Assignment: Report each line of the data below in which "Leaf" appears.

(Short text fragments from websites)
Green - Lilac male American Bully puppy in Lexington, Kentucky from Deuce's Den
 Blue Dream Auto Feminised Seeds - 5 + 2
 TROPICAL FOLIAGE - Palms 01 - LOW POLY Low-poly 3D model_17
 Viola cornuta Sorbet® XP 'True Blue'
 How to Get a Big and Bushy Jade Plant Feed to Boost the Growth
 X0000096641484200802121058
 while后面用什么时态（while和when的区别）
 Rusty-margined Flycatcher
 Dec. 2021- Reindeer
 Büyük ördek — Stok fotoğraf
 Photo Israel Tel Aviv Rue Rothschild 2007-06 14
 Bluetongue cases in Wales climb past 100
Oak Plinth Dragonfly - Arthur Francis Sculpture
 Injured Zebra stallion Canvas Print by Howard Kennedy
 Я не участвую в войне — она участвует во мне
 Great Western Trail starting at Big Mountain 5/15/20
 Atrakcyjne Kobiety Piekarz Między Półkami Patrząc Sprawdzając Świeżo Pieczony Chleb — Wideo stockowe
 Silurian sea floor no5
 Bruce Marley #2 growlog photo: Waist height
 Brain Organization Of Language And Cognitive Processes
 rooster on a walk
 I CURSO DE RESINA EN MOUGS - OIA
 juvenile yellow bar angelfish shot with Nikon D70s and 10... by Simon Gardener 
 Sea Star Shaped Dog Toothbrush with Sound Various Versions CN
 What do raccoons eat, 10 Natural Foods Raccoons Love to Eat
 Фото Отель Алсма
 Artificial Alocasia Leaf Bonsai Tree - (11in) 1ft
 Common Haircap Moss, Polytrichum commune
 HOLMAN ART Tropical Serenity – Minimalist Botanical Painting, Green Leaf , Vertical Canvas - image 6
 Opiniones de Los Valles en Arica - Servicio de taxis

Task answer:
 Artificial Alocasia Leaf Bonsai Tree - (11in) 1ft
 HOLMAN ART Tropical Serenity – Minimalist Botanical Painting, Green Leaf , Vertical Canvas - image 6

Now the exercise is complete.